I stood in a somber, windowless space that-under normal circumstances-would serve as the hospital's postanesthesia care unit. Comprising a dozen or so little compartments, this area is normally meant to house patients briefly in the hours following surgery. But on this spring day in the Bronx, none of the 15-plus patients in this space were recovering from surgery. Instead, each had been diagnosed with COVID-19. Because of a shortage of critical care beds, these patients lay intubated and sedated on stretchers attached to ventilators and IV pumps, all beeping and alarming asynchronously in this large, open room. I finished my assessment of an elderly woman with advanced dementia who had just been transferred from one of the units for respiratory distress. Her respirations were fast and shallow; she looked tired. Enfeebled, she lay on a hospital stretcher, mumbling between each labored breath: "No, no, no, no . . ."

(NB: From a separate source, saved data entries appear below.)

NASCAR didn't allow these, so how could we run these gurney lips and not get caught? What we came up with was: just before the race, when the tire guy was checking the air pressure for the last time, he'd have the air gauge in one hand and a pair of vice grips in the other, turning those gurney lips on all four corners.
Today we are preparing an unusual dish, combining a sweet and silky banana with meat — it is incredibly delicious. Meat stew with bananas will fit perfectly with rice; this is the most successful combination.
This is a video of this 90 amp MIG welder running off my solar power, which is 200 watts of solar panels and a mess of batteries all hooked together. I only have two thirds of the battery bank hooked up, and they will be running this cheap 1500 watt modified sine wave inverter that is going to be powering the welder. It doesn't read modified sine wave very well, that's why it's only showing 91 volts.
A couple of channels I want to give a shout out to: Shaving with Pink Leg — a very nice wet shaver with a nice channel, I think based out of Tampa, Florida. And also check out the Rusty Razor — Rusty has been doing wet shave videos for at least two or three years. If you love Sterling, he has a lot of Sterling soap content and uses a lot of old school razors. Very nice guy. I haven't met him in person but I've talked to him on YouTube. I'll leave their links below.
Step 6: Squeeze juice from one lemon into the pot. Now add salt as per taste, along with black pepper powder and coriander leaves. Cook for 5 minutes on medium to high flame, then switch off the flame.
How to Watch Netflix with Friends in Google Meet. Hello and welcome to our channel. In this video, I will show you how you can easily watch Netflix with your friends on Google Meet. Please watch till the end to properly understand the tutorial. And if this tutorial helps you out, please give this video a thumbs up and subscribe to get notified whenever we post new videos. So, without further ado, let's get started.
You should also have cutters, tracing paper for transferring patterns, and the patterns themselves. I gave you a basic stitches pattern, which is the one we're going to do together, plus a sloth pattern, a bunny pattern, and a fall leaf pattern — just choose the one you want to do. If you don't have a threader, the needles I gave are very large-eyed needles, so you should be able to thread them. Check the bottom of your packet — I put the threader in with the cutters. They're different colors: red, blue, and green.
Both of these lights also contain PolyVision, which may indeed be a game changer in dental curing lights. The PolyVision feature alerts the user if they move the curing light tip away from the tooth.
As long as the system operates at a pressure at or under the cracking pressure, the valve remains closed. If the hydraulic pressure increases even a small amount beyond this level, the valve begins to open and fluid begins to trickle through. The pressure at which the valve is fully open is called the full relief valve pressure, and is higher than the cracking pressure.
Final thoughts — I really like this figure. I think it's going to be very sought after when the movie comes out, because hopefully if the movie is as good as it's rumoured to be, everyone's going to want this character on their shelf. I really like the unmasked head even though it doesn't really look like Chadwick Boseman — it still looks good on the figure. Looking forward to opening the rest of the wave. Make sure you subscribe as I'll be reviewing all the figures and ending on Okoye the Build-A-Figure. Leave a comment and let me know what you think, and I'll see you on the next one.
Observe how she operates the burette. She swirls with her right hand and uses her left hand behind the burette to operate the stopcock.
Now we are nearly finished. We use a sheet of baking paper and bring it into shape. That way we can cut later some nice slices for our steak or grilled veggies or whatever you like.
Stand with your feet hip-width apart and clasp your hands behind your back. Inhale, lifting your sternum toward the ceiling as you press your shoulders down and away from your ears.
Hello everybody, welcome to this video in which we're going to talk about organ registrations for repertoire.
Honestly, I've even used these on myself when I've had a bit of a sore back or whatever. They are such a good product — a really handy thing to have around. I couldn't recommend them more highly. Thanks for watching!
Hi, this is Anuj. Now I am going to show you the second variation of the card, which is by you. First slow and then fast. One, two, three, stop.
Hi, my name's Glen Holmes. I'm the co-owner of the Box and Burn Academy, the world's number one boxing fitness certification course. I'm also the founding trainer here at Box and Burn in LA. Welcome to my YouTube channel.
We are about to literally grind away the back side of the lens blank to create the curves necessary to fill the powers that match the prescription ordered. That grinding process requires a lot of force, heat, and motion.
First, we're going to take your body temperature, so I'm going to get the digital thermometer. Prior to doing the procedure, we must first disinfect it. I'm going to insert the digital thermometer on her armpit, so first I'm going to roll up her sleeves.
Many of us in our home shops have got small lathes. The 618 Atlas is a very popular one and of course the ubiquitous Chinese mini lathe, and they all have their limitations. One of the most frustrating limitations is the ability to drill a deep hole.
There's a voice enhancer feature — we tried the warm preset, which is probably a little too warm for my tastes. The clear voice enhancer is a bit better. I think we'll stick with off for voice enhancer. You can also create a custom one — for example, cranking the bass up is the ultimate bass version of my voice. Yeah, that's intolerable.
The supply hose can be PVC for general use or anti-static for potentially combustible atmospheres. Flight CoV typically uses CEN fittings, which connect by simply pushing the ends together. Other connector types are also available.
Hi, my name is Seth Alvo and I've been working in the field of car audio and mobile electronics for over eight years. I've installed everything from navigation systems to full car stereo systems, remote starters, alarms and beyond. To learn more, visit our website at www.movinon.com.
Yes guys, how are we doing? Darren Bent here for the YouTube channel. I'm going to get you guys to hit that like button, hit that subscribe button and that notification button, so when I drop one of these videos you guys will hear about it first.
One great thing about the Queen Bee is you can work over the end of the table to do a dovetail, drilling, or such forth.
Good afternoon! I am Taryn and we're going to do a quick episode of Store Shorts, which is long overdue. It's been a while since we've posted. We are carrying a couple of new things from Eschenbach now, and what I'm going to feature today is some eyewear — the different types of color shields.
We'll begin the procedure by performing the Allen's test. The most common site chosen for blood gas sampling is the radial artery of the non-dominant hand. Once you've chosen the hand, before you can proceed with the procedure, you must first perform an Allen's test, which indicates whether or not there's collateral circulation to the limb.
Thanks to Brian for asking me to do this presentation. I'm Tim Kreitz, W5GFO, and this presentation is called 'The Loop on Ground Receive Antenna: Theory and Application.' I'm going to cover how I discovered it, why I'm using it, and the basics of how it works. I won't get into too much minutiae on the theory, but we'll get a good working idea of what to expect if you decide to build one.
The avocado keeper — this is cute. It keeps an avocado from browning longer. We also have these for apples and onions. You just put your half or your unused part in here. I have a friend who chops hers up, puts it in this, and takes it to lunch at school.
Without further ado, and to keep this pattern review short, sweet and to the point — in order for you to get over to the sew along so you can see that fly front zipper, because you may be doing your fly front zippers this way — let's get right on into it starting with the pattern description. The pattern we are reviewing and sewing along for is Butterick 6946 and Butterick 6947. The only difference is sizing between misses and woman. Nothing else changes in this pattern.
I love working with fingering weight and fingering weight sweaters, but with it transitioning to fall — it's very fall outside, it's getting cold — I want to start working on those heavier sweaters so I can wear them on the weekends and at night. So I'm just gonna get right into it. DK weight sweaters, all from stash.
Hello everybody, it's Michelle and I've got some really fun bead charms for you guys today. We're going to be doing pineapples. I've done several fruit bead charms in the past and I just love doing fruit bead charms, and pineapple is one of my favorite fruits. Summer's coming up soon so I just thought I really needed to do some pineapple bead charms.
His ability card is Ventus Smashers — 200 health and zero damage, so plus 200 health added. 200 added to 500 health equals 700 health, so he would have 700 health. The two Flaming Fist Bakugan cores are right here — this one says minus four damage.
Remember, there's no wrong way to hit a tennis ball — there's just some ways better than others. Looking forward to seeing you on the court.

She undoubtedly needed to be intubated, but the fear in her eyes told me that she didn't want to spend several weeks on a ventilator. Unsure what to do, I called her husband. "Good afternoon, is this Mr. Smith? I am calling to give you an update about your wife's condition. I am sorry to say that she's requiring more oxygen and having more difficulty breathing-"
Before I could say another word, Mr. Smith cut me off. "I'm so happy you called. I've been so worried. I brought my wife to a hospital in Queens on Thursday night and I hadn't heard from anyone since. But, wait-you're telling me she's in the Bronx now?" As his tone seemed to shift from gratitude to anger as this fact sunk in, I looked at the date on the computer screen in front of me. It was Tuesday. Behind my mask, I cringed. Mr. Smith continued, "I didn't know if she was alive or dead!"
After agreeing that she would not want to be intubated and acknowledging how frail and ill she had become, he fell quiet. All at once, the magnitude of our exchange seemed to set in, and he began to cry quietly. "I'm not going to be able to be with her when she dies, am I?" he said. With a pit in my stomach, I tried my best to explain to this stranger, a man I would never meet, why he could not be at his wife's side during her final hours.
I have made hundreds of calls like this in my career in the ICU, but the overwhelming abjectness of this particular exchange stood out from the others. Never before had I sat in a hospital stretched so thin or in a community so ravaged by disease and veiled in despair. Never before had I called a man who had sat at home for nearly five days wondering if his wife was alive, all the while subjected to continuous media footage showcasing refrigerated trucks serving as temporary morgues across New York City. For nearly five days, this man not only failed to receive a single update about his wife's condition, but no one caring for his wife even told him that she had been transferred between hospitals.
My two-week tenure as a volunteer in the Bronx brought many experiences similar to the story of Mr. and Mrs. Smith. Patients were transferred between overburdened hospitals in the dark of night, their families unaware of where their loved one was hospitalized or if their loved one was alive. Many patients died without any known next of kin to call.
Watching a patient die without a family member present is among the most heartbreaking moments a clinician can experience. As a result of COVID-19, patients have not died alone because a family member couldn't afford to miss another day of work or couldn't find or afford transportation to the hospital. Patients have not died alone because they were estranged from their family or incarcerated. Dying alone during this pandemic has not been reserved for the poor or the forgotten-it has been a reality for nearly all who have died in the hospital during this challenging year.
For nurses working on the front lines during the COVID-19 pandemic, many of our patients have died with only us present. Amid all of our other duties, we have been one of the few channels through which family members and loved ones can communicate their love and well-wishes to a patient. Our dutiful execution of this task has meant, and still means, that our patients are, in fact, not dying alone. While this virus has limited family presence in the hospital, it has only magnified the importance of family involvement. Often, it only takes a phone call-just ask Mr. Smith.